The current Libertarian Party presidential nominee, Gary Johnson, is a strong supporter of same-sex marriage. In a recent interview with Robert Wenzel, Johnson said he would be the only candidate (aside from Romney and Obama) committed to marriage equality as a constitutionally guaranteed right.
But what really prompted me to delve into this subject is an e-mail I received from a libertarian who was not happy with what I said about abortion and marriage in my article “Should Libertarians Be Conservatives?”:
I say it’s the not the government’s job to say who gets married – it’s their job to passively record it when it happens, just like these other things. And I’m not just talking about gay marriage – if a Mormon or Moslem man wants to marry three gals, that’s their business. If thirteen Wiccan lesbians living in a commune all want to marry each other, the only thing the clerk should say is “sign here, sign here, initial here….Next!” That’s the real libertarian position on marriage; although if the government just got out of the marriage business altogether as you advocate, it would also, I suppose, be acceptable.
But is that the libertarian position on same-sex marriage?
I believe that libertarians are unnecessarily divided over the issue of same-sex marriage. Based on what I said above about marriage, it is my contention that there is no more a libertarian position on same-sex marriage than there is on chocolate, toothpaste, or whether the sky is blue.

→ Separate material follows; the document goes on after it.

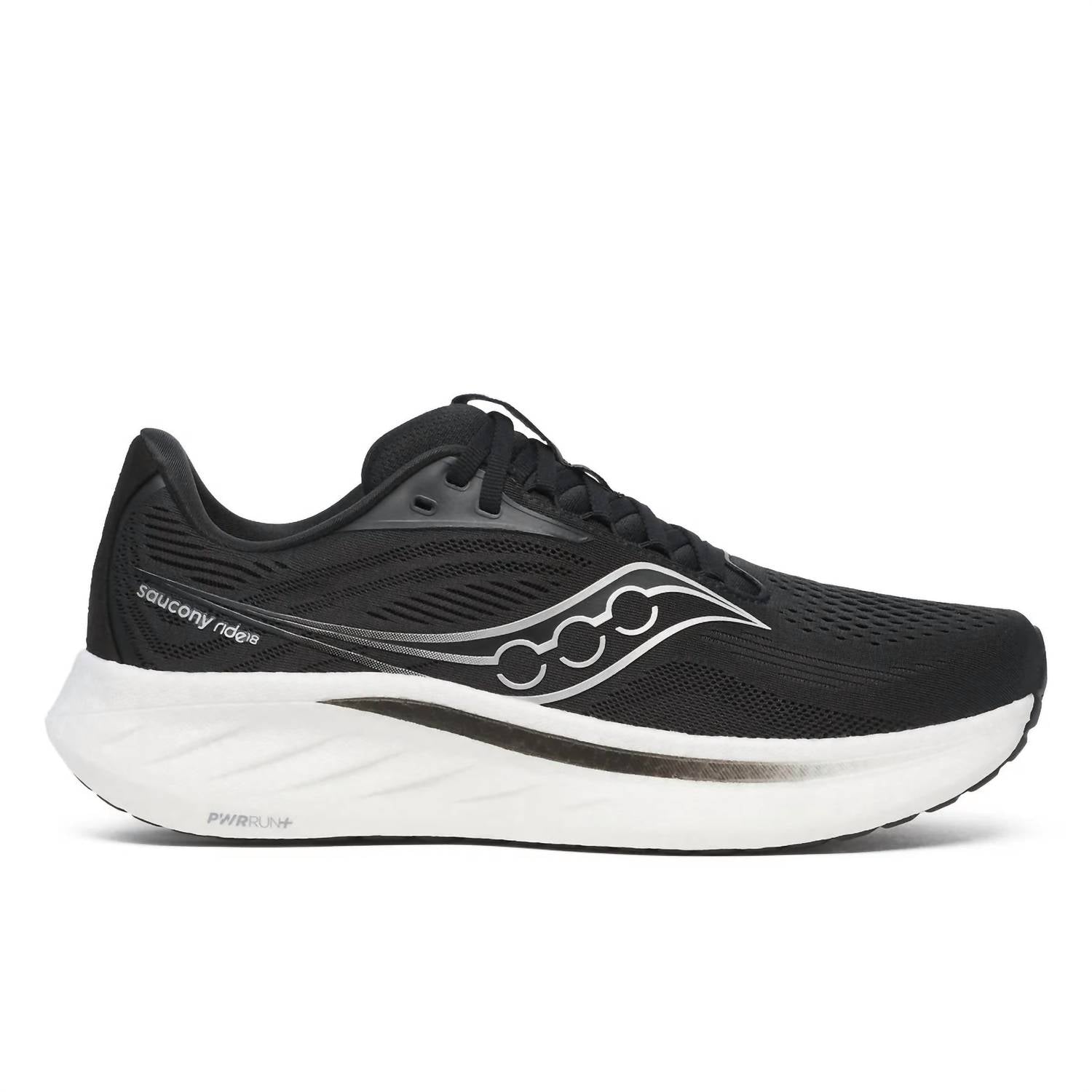 Saucony - Men's Ride 18 Wide Shoe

Same-sex couples should certainly have the right to form any kind of legal arrangement they choose whereby medical and financial decisions by one party on behalf of another could be made. But this right has nothing to do with them being a same-sex couple. It is only because any couple – gay, lesbian, straight, bisexual, transgendered, or undecided – or any group of people should have the right to form any kind of legal arrangement they choose. If they want to call their arrangement a marriage, have a ceremony, and go on a honeymoon – fine. They have the freedom to do so just like they have the freedom to replace their Chevy emblems with Ford emblems and call their Camaro a Mustang. They just shouldn’t expect or demand everyone else to violate nature, language, tradition, and history and do likewise.
And if the federal government should recognize same-sex marriages, domestic partnerships, civil unions, consensual contracts, or voluntary agreements of homosexual couples for tax, Social Security, and other purposes, then it should likewise recognize similar legal arrangements of heterosexual couples, whether male/male, female/female, or male/female.
If a libertarian wants to redefine marriage – or call black white, up down, or right left – then he is perfectly free to do so, but he shouldn’t term his personal preference or individual decision a libertarian position.
One’s opinion of same-sex relationships – whether wonderful, wholesome, unnatural, or disgusting – has nothing to do with the issue.
Libertarians as individuals may support or oppose the “marriage” or legal arrangements of same-sex couples – just like they may support or oppose the health benefits of Vitamin C or the use of child safety locks – but that doesn’t mean there is a libertarian position on it.